Directed By: Ben Burtt, Phyllis Ferguson, et al
Starring: Leonard Nimoy, Roberta L. Bondar, Eric DeJong
Tag line: "Prepare to explore the universe"
Trivia: Four separate filmmakers directed this movie
Who better to narrate a space-themed documentary than Mr. Spock himself: the late, great Leonard Nimoy? This alone lends an air of authenticity to 1994’s Destiny in Space, an IMAX documentary featuring images shot by astronauts while aboard the space shuttles. Along with its behind-the-scenes footage of the construction and eventual deployment of the Hubble telescope, Destiny in Space contemplates man’s future role in the galaxy, wondering aloud if, and when, we’ll visit other planets in our solar system.
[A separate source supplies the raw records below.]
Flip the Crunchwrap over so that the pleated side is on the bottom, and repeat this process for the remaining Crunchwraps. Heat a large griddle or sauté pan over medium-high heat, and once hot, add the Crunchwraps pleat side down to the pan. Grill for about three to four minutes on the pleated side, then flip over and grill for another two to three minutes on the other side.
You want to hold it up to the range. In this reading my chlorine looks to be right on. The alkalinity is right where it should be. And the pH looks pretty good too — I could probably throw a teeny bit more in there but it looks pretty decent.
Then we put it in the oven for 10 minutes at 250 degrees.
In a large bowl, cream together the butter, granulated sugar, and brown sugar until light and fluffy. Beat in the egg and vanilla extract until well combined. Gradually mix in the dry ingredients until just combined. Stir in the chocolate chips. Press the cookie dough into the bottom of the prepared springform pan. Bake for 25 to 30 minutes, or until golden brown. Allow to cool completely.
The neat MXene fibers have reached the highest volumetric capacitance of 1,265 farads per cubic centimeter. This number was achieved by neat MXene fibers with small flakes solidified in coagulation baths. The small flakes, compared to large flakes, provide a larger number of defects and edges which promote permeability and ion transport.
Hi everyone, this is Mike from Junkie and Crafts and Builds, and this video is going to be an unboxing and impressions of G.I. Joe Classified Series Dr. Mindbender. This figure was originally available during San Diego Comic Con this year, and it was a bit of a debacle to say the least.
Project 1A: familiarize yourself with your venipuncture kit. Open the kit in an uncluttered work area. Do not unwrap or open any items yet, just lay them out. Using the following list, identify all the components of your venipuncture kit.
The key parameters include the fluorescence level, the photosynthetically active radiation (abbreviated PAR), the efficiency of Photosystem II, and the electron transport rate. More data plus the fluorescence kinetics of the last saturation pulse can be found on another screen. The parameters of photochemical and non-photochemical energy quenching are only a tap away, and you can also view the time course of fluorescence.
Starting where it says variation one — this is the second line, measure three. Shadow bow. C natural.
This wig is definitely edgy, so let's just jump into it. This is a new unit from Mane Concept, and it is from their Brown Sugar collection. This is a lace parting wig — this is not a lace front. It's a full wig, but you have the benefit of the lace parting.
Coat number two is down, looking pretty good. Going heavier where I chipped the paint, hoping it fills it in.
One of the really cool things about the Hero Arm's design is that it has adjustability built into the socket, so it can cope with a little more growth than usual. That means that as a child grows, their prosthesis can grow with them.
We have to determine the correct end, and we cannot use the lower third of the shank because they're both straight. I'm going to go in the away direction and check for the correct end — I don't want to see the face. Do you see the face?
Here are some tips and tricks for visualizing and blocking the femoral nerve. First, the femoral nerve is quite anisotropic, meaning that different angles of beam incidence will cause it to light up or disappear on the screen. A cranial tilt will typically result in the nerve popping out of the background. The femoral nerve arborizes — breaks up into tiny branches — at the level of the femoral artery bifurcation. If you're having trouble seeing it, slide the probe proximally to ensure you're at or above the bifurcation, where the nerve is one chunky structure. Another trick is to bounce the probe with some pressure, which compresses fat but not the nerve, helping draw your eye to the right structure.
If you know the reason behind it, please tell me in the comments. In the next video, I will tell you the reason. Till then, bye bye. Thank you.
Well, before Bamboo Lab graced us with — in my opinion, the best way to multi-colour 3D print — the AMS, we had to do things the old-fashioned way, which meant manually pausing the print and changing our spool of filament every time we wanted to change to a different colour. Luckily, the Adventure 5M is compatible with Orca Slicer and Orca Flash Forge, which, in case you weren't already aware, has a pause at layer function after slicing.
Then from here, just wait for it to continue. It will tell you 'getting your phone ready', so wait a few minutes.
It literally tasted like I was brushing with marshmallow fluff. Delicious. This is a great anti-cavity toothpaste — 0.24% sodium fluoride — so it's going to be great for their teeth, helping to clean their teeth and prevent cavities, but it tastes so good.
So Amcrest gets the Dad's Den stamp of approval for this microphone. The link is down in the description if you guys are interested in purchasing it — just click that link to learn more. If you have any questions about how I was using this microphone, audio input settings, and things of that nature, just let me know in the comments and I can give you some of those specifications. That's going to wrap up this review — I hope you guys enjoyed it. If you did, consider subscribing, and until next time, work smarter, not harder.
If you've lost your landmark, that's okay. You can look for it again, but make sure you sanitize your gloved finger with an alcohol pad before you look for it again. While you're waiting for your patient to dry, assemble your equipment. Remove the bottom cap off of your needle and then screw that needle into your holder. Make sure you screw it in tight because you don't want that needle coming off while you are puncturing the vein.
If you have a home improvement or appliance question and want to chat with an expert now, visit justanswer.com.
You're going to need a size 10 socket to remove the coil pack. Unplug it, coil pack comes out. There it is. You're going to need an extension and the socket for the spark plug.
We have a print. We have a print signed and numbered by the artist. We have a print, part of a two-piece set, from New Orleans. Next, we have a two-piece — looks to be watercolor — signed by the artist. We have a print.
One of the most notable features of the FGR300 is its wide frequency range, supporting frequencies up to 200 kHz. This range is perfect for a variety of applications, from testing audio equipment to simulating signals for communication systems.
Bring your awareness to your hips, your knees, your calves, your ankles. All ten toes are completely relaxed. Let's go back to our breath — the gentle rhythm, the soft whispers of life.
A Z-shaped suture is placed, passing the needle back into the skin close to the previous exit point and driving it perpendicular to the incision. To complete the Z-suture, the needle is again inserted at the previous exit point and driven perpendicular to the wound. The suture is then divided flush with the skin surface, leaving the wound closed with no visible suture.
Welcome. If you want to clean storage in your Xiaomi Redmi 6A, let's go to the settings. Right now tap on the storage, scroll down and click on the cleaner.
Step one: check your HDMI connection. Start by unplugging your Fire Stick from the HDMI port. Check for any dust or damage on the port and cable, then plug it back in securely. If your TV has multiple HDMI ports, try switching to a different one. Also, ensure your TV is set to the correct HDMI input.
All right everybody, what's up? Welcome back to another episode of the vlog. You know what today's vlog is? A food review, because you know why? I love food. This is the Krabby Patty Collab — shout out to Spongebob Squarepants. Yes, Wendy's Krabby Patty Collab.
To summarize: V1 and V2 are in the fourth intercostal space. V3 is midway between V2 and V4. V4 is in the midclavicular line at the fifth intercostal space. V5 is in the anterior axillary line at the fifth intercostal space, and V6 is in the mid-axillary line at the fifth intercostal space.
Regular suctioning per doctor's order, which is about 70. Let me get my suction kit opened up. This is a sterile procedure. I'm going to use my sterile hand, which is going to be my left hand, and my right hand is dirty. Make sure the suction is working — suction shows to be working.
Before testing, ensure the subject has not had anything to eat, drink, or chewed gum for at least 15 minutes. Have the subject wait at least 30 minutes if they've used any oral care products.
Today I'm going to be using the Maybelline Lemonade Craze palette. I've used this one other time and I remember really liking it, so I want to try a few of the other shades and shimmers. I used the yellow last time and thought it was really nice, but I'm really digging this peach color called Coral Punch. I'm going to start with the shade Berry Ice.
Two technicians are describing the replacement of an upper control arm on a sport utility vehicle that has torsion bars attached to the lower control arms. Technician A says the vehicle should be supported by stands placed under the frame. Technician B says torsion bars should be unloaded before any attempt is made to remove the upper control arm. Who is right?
In essence a tale of “today” (meaning NASA as it existed in 1994) and “tomorrow”, Destiny in Space tags along on several shuttle missions, studying the crew as they float weightless through the cabin, exercise to stay in shape, and, of course, conduct a series of experiments, most designed to test how people might react to an extended stay in outer space. The bulk of the movie, though, is dedicated to the Hubble, which, after its release into orbit in 1991, was found to have a major flaw in its design. So, three years later, another crew is sent to carry out the repairs, which, as you can imagine, were a little tricky (aside from the limitations of working in space, the Hubble is one of the most expensive pieces of equipment ever assembled, so extra care had to be taken to ensure it wasn’t damaged any further). In addition, Destiny in Space looks years into the future, when man might finally have the capability, as well as the desire, to travel to Venus or Mars, our two closest neighbors, one of which may, with a little work, serve as an off-world colony one day.
By way of CGI-enhanced flyovers, Destiny in Space takes us to the surfaces of Venus and Mars, explaining in detail why they’re not hospitable places for man to visit. Of the two, Mars is the most likely to sustain human life, but as the movie points out, we’d have to first master the art of terraforming (adjusting the planet’s atmosphere to make it oxygen-rich), something that would probably take 1,000 years to accomplish. This section of the film has its moments, yet pales in comparison to the scenes where we see the astronauts hard at work on the Hubble telescope (releasing it, then, three years later, fixing it). I also enjoyed hearing about some of the “upcoming projects” NASA was working on in 1994, including a small robot that would explore the surface of Mars, a precursor of “Spirit” and “Opportunity”, which are currently carrying out this very mission (well, “Opportunity” is, anyway; “Spirit” seems to be broken).
While only mildly effective as a glimpse of what’s to come, Destiny in Space, now 20+ years out, works pretty darn well as a history lesson.